While we perused the menu and asked a few questions, we were served a plate of scrumptious one-bite appetizers: a single shrimp on a spoon of curry sauce, a little piece of toast topped with something like a tapenade, and a puffed pastry bite with who knows what inside.

The wine stewardess gave a good demonstration of how to serve red wine. She skillfully opened the bottle, smelled the cork, tasted a small amount, and then poured it into a wide-bottomed decanter. Only then did she offer it to us to taste and accept. The wine was a local full-body red produced just down the road from us.
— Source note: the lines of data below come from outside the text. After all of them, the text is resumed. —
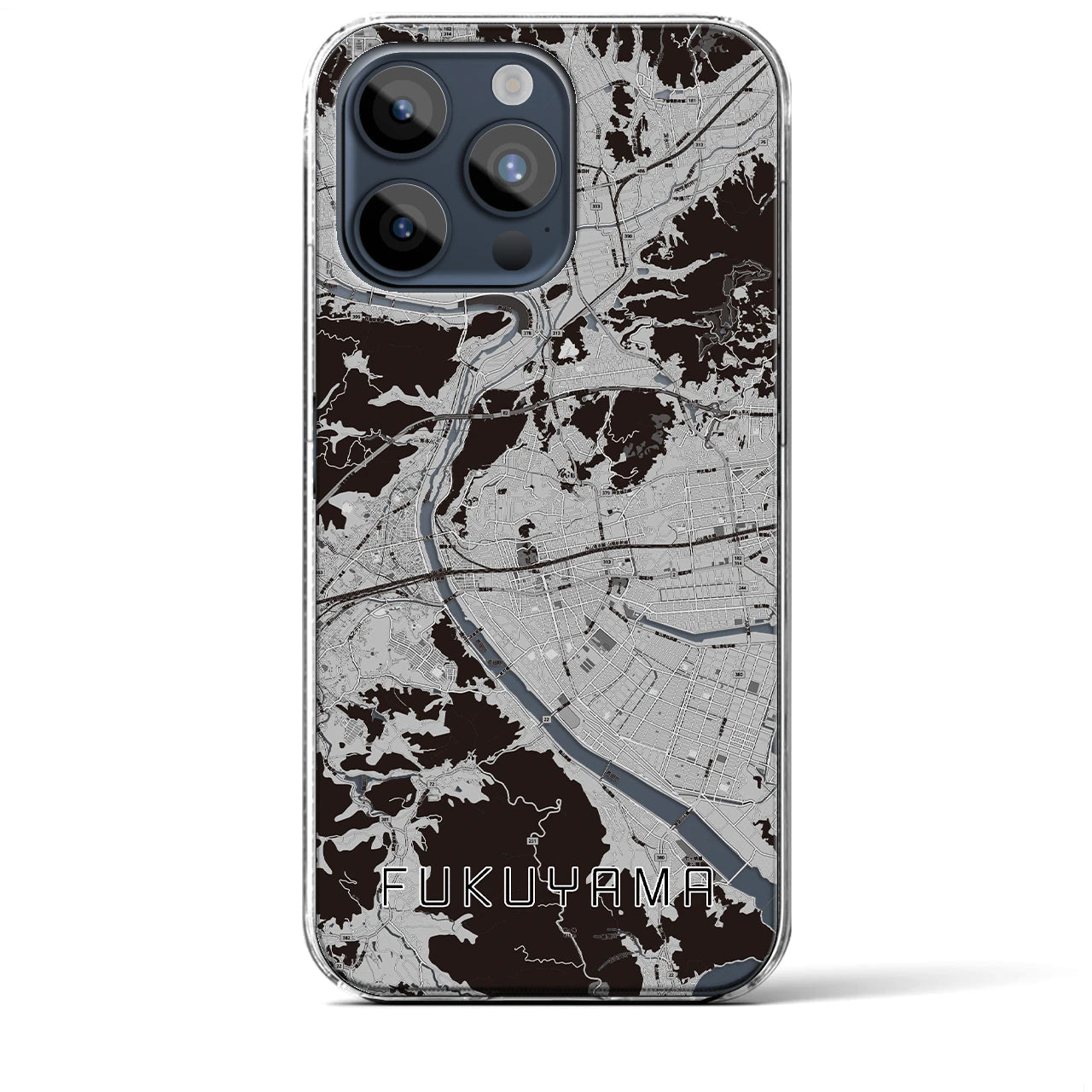 【福山(広島県)】地図柄iPhoneケース(クリアタイプ)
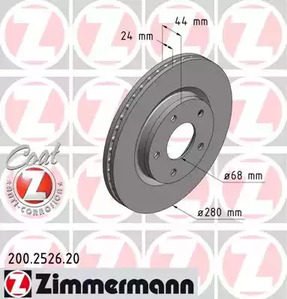 200.2526.20 ZIMMERMANN Тормозные диски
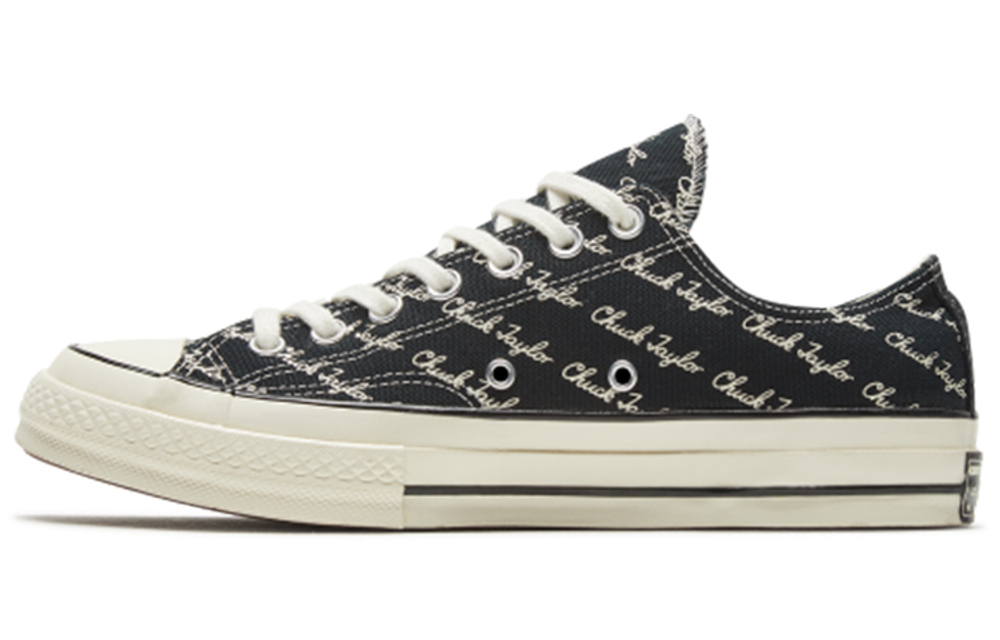 Chuck 70 Converse Low "Scripted Signature Print - Black Egret"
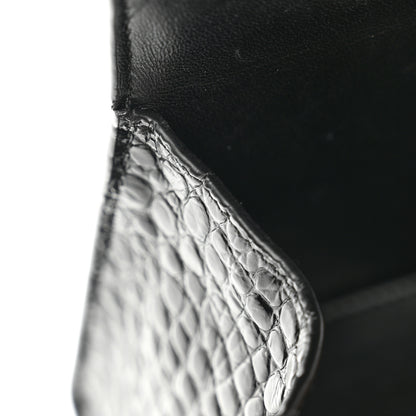 Balenciaga Shiny Calfskin Crocodile Embossed Hourglass Top Handle Bag XS Black 10 of 11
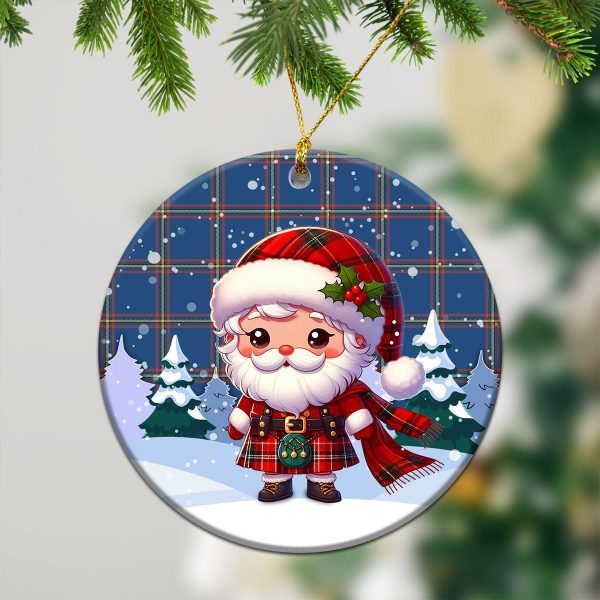 McLaine of Loch Buie Hunting Ancient Tartan Christmas Ceramic Ornament - Santa Claus In Kilt Style on Sale - Image 2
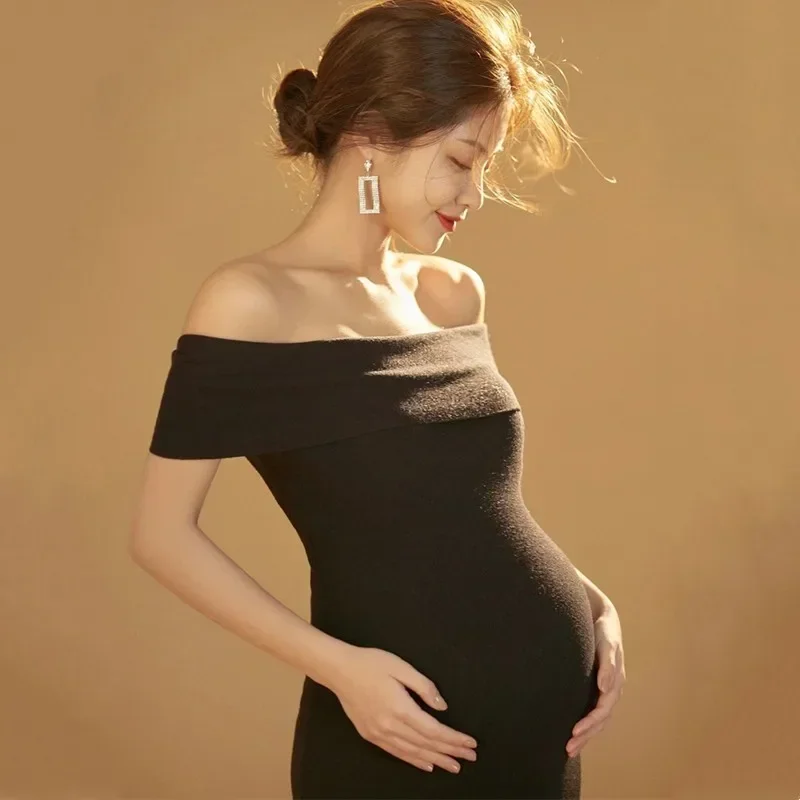 

Black Sexy Maternity Dresses Photography Props Knitted Pregnancy Clothes Photo Shoot For Pregnant Women Baby Shower Party Dress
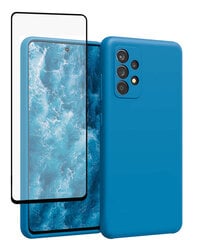 Komplekts-aizsargvāciņš silikona Samsung Galaxy A53 5G SoundBerry(real liquid silicone Easy Clean), zils (Ocean blue) + aizsargstikls Superior 5D cena un informācija | Telefonu vāciņi, maciņi | 220.lv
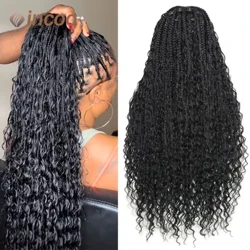 32 Zoll Voll Spëtzekëscht Braid Perücke Mat Baby Hoer Broderie Bohemian Braid Perücke Fir Schwaarz Fra Knotless Gëttin Locs Mat Curly Hoer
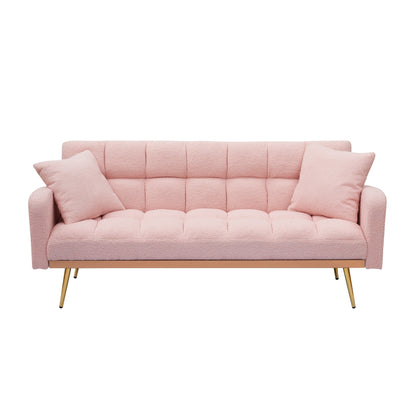 69 Inch Sofa Bed Pink with Adjustable Teddy Sofa for Small Space Living Room and Bedroom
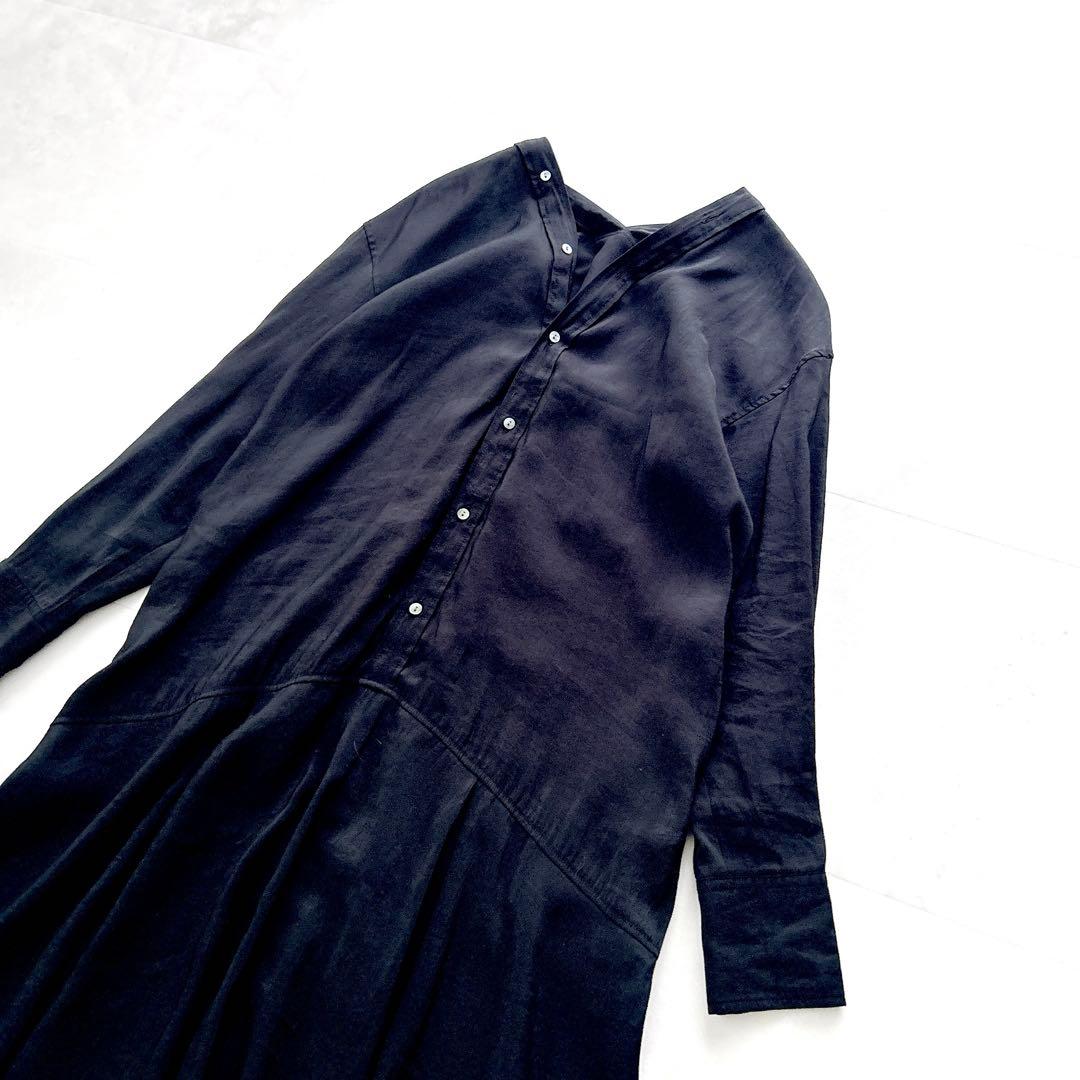 24SS✨人気　ビアズリー カラーレスシャツワンピース　ブラック　現行近年モデル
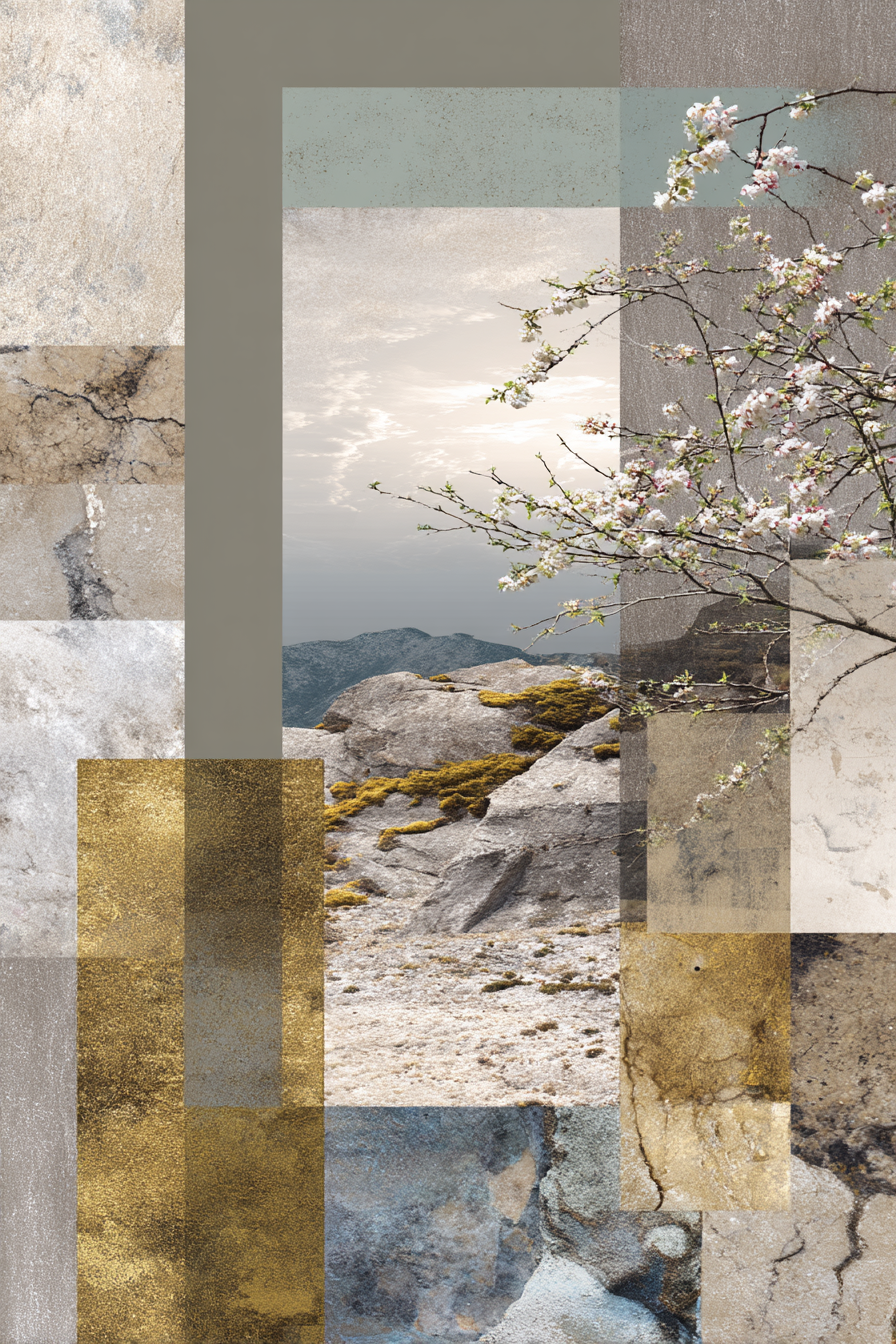 Naturlandschaft Muster Texturegeometrisch Erdtoene Metallisch | Collagen | Kunstgattungen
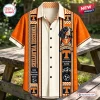 Front view of an orange and white Tennessee Volunteers Hawaiian shirt featuring hound dog and mountain graphics.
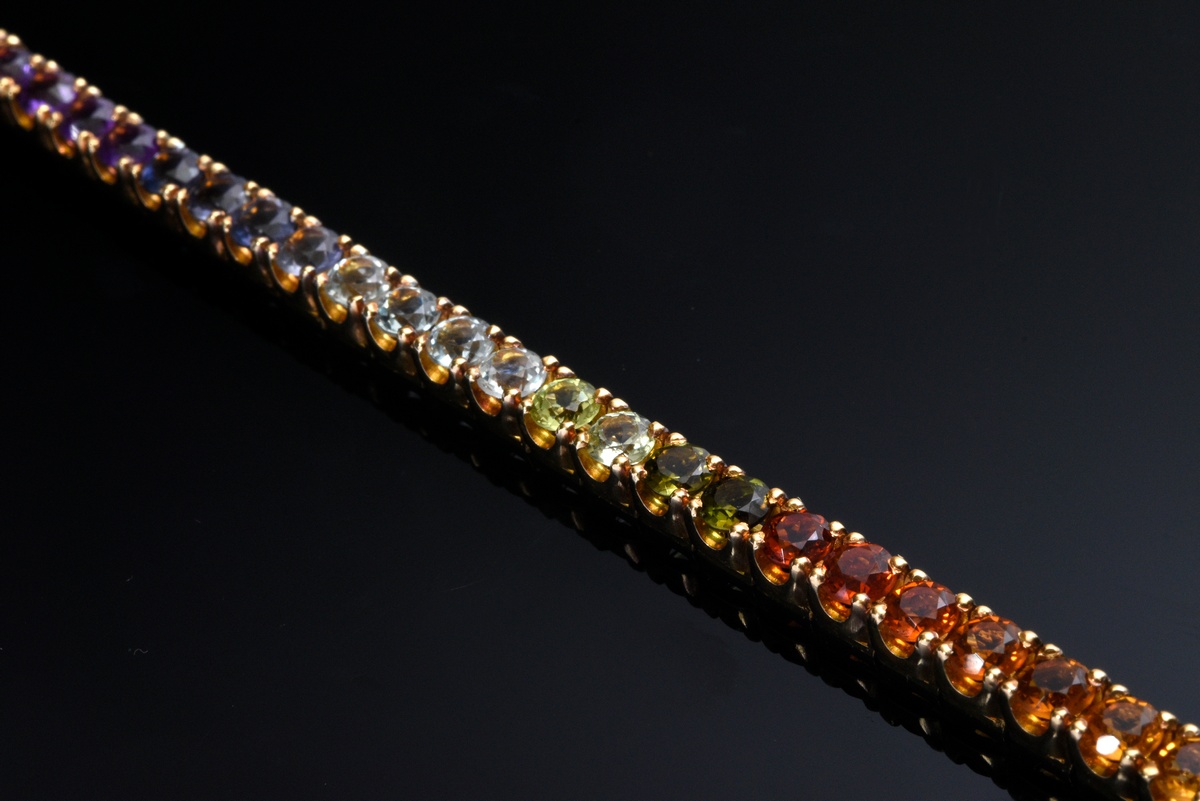 Modern yellow gold 800 rainbow rivière or tennis bracelet with amethysts, topazes, tourmalines, per - Image 4 of 4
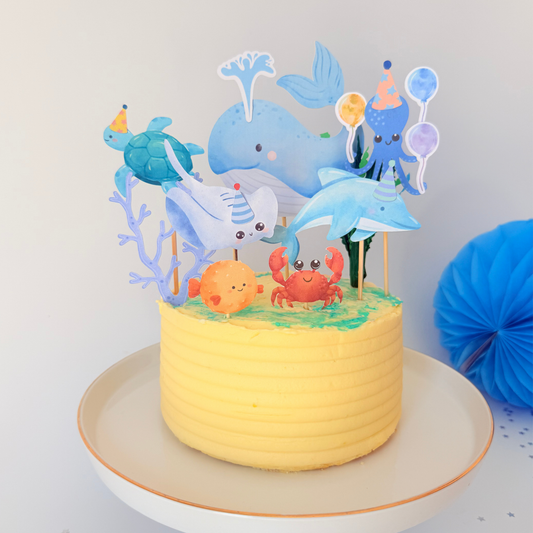 Under the sea blue whale octopus coral reefs Cake Toppers Birthday Party product photo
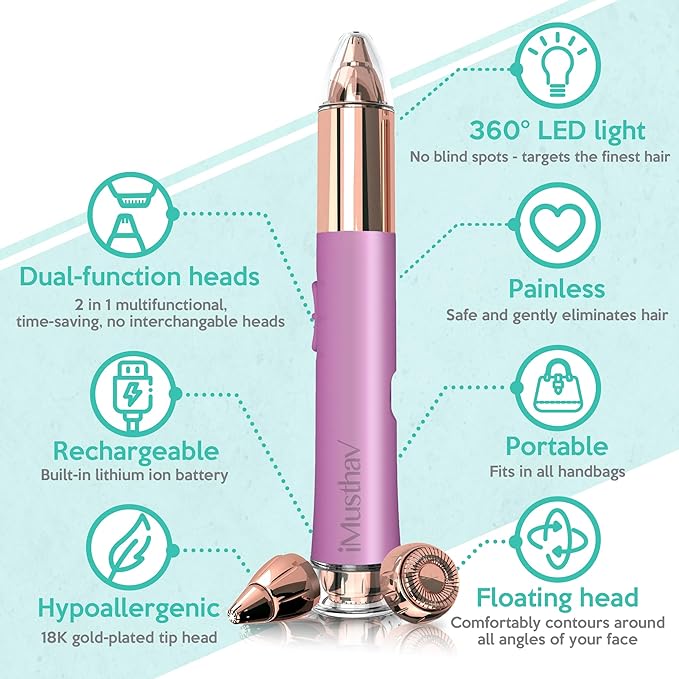 2 in 1 Eyebrow and Facial Hair Remover for Women Painless Flawless Electric Razor Epilator Trimmer Shaver with 18K Gold-Plated, USB Rechargeable, 360° LED for Eyebrow and Face Hair Removal-Velvo Beauty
Our bread plates were filled and re-filled every time we finished off a piece of bread. The bread was accompanied by fragrent olive oil.

Course #1 was a duck confit with some sort of delicious chutney (pictured above). The confit was creamy and melt in your mouth good. The chutney was tart and just right as an accompaniment.

The next course was a parmesan crisp topped with a mixture of sautéed wild mushrooms. You have to imagine this one because I was too anxious to taste it to take a picture first.

The main course was sliced roast lamb tenderloin, cooked to a perfect pink, with a puree of a white vegetable. We could never figure out the vegetable, even when the waiter brought out the uncooked root vegetable in a small bowl.

David’s duck was just as beautiful in its presentation. It was adorned by plump purple figs.

The cheese course featured 4 varieties of goat cheese with a salad topped with some sort of red berries.

At this point we were served a rosemary sorbet to cleanse our pallets in preparation for dessert. I would never have imagined rosemary as a flavor for dessert, but it worked quite well.

The final course was pineapple topped with marinated cooked apples, with a small serving of passion fruit ice cream at the other end of the plate. David’s dessert was a decadent chocolate log that ressembled a bouche de Noel.



A large part of the beauty of this approach to food is in the presentation of it. Each plate is decorated with sauces, oils, and garnishes appropriate to its content. The colors are perfect. Even the plate itself is selected to best display the food it contains. Artistic design plays a large role in French cooking.

After 5 courses of the best food I have ever eaten, we felt satisfied but not overly full. We walked out into the starry, starry night for the 5-minute ride home to Lourmarin.

This is a night when I appreciated the fact that I was not wealthy enough to do this on a regular basis, but I had enough money to occasionally splurge. It was definitely worth every euro!